Pour attirer des entrepreneurs, nous pensons que la promesse d’un cadre de vie agréable n’est pas suffisant et qu’il faut surtout leur offrir des perspectives professionnelles concrètes. Et quoi de plus concret qu’un bassin d’emploi reconnu et déjà existant ? De plus vous aurez plus de facilités pour solliciter des experts métiers locaux et reconnus pour mentorer les startupeurs.
Impliquer le tissu économique local
Nous considérons que les plus importants pourvoyeurs d’emplois sur les territoires portent localement une forme de responsabilité économique et sociale. L’arrêt brutal des activités minières dans le Nord-Pas-de-Calais au début des années 1990 a eu des conséquences catastrophiques sur l’emploi. En plus des impacts sociaux sur les habitants de la région c’est toute l’attractivité et le dynamisme du territoire qui en ont pâti pendant longtemps.
Il existe donc un enjeu de préservation de la dynamique des activités porteuses d’emplois sur le long terme pour éviter leur déclin lors des prochaines mutations économiques. C’est pourquoi nous pensons que les entreprises doivent être impliquées dans ces initiatives et les porter conjointement avec les structures publiques.
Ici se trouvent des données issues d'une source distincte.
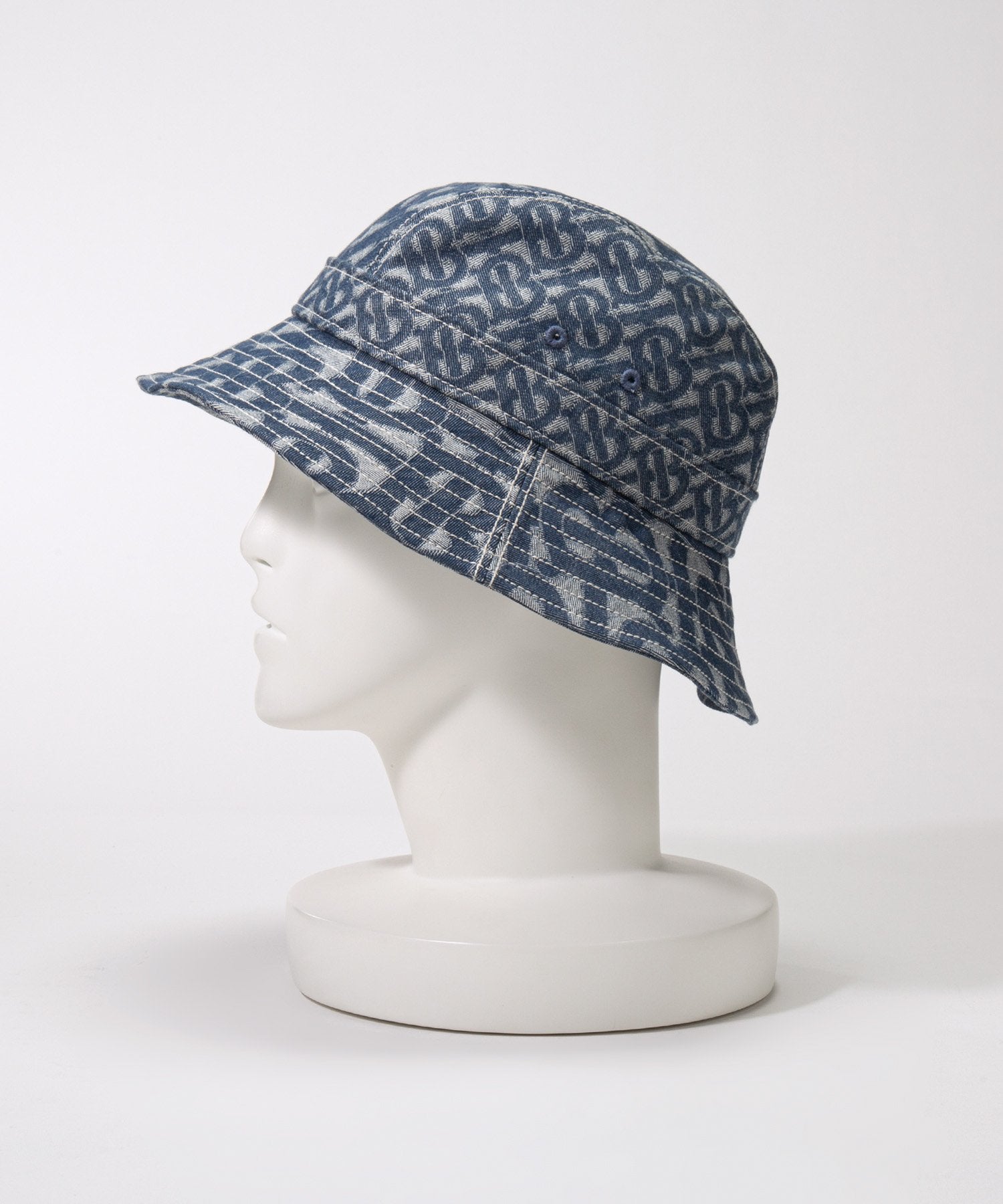 MONOGRAM PRINT DENIM BUCKET HAT 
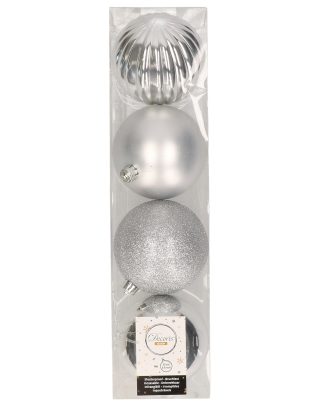 4x Zilveren kerstballen 10 cm kunststof mix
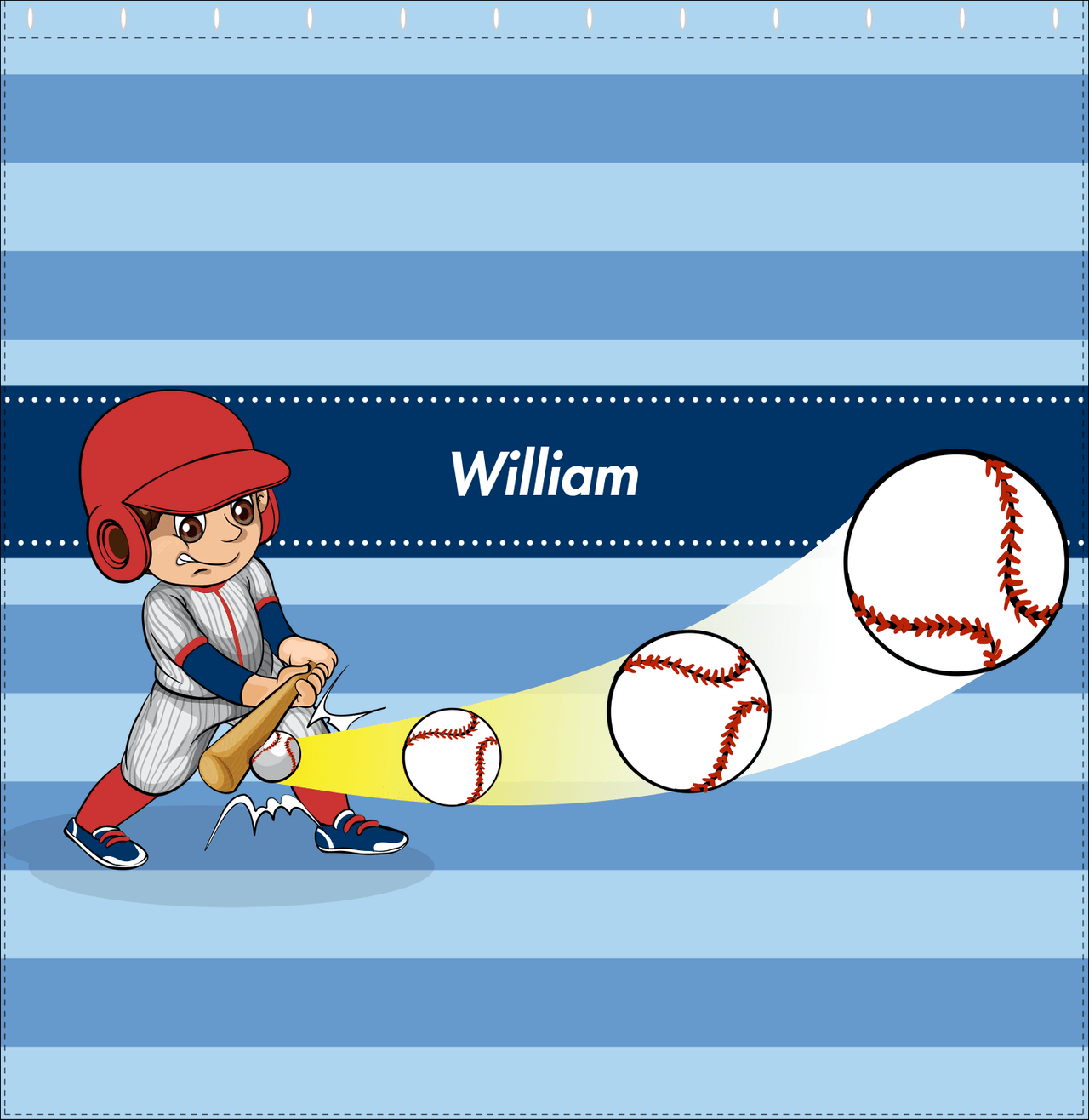 Personalized Baseball Shower Curtain XXXIV - Blue Background - Brown Hair Boy - Decorate View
C’est d’ailleurs cette prise de conscience qui a mené à la création de French Assurtech à Niort, berceau historique des mutuelles d’assurances. Il s’agit d’un accélérateur porté par des entreprises traditionnellement concurrentes (Groupama, IMA, Maaf Groupe Covea, Macif, Maif), la Communauté d’Agglomération Niortaise ainsi que le Medef Deux-Sèvres.
“Bon d’accord, mais au final, qui doit porter ces dispositifs sur les territoires ?”
Pour résumer, nous estimons qu’il est judicieux pour les structures publiques des territoires de travailler conjointement et d’avancer dans le même sens en portant un dispositif d’accompagnement commun. Un dispositif ambitieux à l’échelle d’un territoire ne peut pas s’affranchir de l’implication de ces structures. Bien qu’il s’agisse d’initiatives territoriales, nous avons la conviction que les acteurs privés doivent être intégrés à ces dispositifs et impliqués dans leur gouvernance et leur mise en oeuvre opérationnelle. Il serait également opportun que les entrepreneurs locaux puissent être sollicités pour favoriser la transmission d’expérience et de savoir.